Поэты, желающие закрепить вдохновение, прежде чем оно достигнет своего завершения, могут, как мы видели, удовлетвориться временно терпимым для них суррогатом, поэзией в прозе, которая позволила бы им в подходящий внутренний момент, если вообще он наступит, разработку и претворение в стихотворной парафразе. Таков, например, случай с «Гимном» Гейне. Здесь мы имеем рефрен, содержащий пуант мотива и обусловливающий ритм стихотворения, и прозу, наводящую на основной ход мыслей:

Я меч, я пламя.

Я светил вам во тьме, и когда началась битва, я сражался впереди, в первом ряду.

Вокруг меня лежат трупы моих друзей, но мы победили. Мы победим, но вокруг меня лежат трупы моих друзей! Среди триумфальных песен ликования звучат похоронным хоралы. Но у нас нет времени ни для работы,, ни для скорби. Снова грохочут барабаны, предстоит новая битва…

Я меч, я пламя.

Стих «Ich bin…» [«Я есть…»] обладает свойством, как и двустишие Кирилла Христова, подводить всю словесную массу, вызванную настроением, под один знаменатель, диктовать не только ритм, но и поиски частей, смысл развития, значит действовать эвристически на дух поэта. Но если процесс созидания будет заторможен трудностями, то, чтобы правильно развивался зародыш, упорство в поисках не всегда даёт желаемые результаты. «Боги, — говорил по этому поводу Валери, — дают нам любезно и без наших усилий какой-то первый стих, но от нас зависит обработка второго, который должен находиться в созвучии с первым, явившимся чудом, и не быть недостойным его. Необходимы все источники опыта и духа, чтобы он был сравним со стихом, пришедшим как подарок»[1236].

В «Гайдуцких мечтах» Яворова, задуманных и исполненных как мемуары, мы находим некоторые лирические места, ясно свидетельствующие о настроениях, могущих привести к стихотворной импровизации. Но так как поэт уже усвоил прозаический способ высказывания, он останавливается на ритмической речи, занимающей среднее место между строго ритмической формой и обыкновенной, свободной прозой. Описывая трудный переход через горные вершины по пути в Македонию с отрядом повстанцев и свою большую усталость, приведшую его почти к потере сознания и к иллюзии близкой смерти, Яворов переносится в своё давнишнее настроение и в свои кошмарные видения и пишет, внезапно отступая от реалистического тона своего рассказа, в таком стиле, в котором ясно улавливается контраст с предыдущим описанием.

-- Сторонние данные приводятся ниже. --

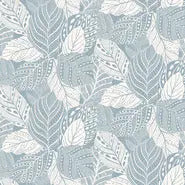 York Wallpaper GO8225 Vinca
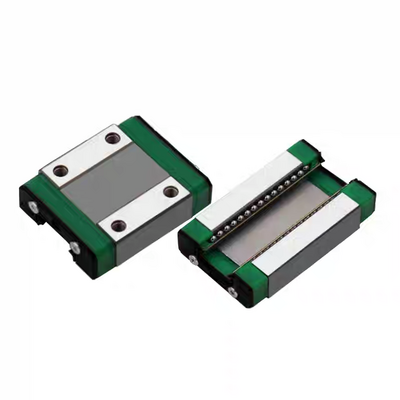 Interoperability Certified With Major PBX And Softswitch Vendors Linear Guide Slider G.729 Codec Support
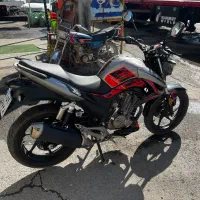 زونتس n2 مدل ۱۴۰۴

«… Летняя ночь простёрла над горою свой звёздный плащ, лес затянул печальный напев, выползли из потайных логовищ хищные волки и шакалы. Ни следа не останется от меня в этом рабском крае, где никто меня не любил, где никто обо мне не вспомнит. Но когда с эгейскими ветрами прилетит на север свежий аромат ранней южной весны, затоскует там одна душа, что ждёт не дождётся услышать от них заветное слово моё. И вздохнет она о том, кого любила — любила за то, что суждена ему могила без креста, за то, что умрёт он и никто не узнает даже, где могила его…» [1237].

И эмоциональный тон, и ритмично-синтактический подход, и подбор сонных видений в такой синтетической целостности говорят о лирическом переживании, близком к полному оформлению. Но общая схема изложения и реалистически-прозаическое содержание исключают подобное отклонение, из-за которого автор не достигает стихотворной формы.